I've been given the question: given $x,y\in\mathbb{R}\setminus\mathbb{Q}$ and $x+y =\frac{m}{n}$, prove $x-y$ is irrational. I tried solving this using a proof by contradiction but I feel like I got a bit off base and I feel like I've screwed up somewhere.
Proof by Contradiction
$x,y \in \mathbb{R} \backslash \mathbb{Q}$
$x + y = \frac{m}{n}$, $m,n \in \mathbb{Z}$, $n \neq 0 $
$y = \frac{m}{n} - x$
Assume $x-y$ is rational$x-y = \frac{p}{q}$, $p, q \in \mathbb{Z}$, $q \neq 0$
$x - (\frac{m}{n} - x) = \frac{p}{q}$, using $y = \frac{m}{n} - x$
$2x - \frac{m}{n} = \frac{p}{q}$
$\frac{2xn-m}{n} = \frac{p}{q}$
$q(2xn-m) = pn$
$2xn-m = \frac{pn}{q}$
$2xn = \frac{pn}{q} + m$
$x = \frac{(\frac{pn}{q} + m)}{2n}$$\therefore$ Contradiction as $x$ is irrational
Here is my working. Have I made any mistakes and is it okay to assume that since all the variables in the final fraction are integers that it is rational?

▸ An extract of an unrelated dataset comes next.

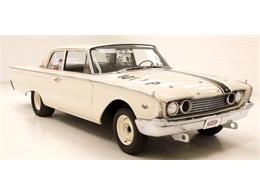 1960 Ford Fairlane (CC-1774395) for sale in Morgantown, Pennsylvania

It's correct. A bit too lengthy, though. From $$ 2x-\frac{m}{n}=\frac{p}{q} $$ you can derive $$ 2x=\frac{m}{n}+\frac{p}{q}=\frac{mq+np}{nq} $$ so $$ x=\frac{mq+np}{2nq} $$ would be rational, because you assumed $m,n,p,q\in\mathbb{Z}$ with $n\ne0$ and $q\ne0$, so $mq+np\in\mathbb{Z}$ and $2nq\ne0$.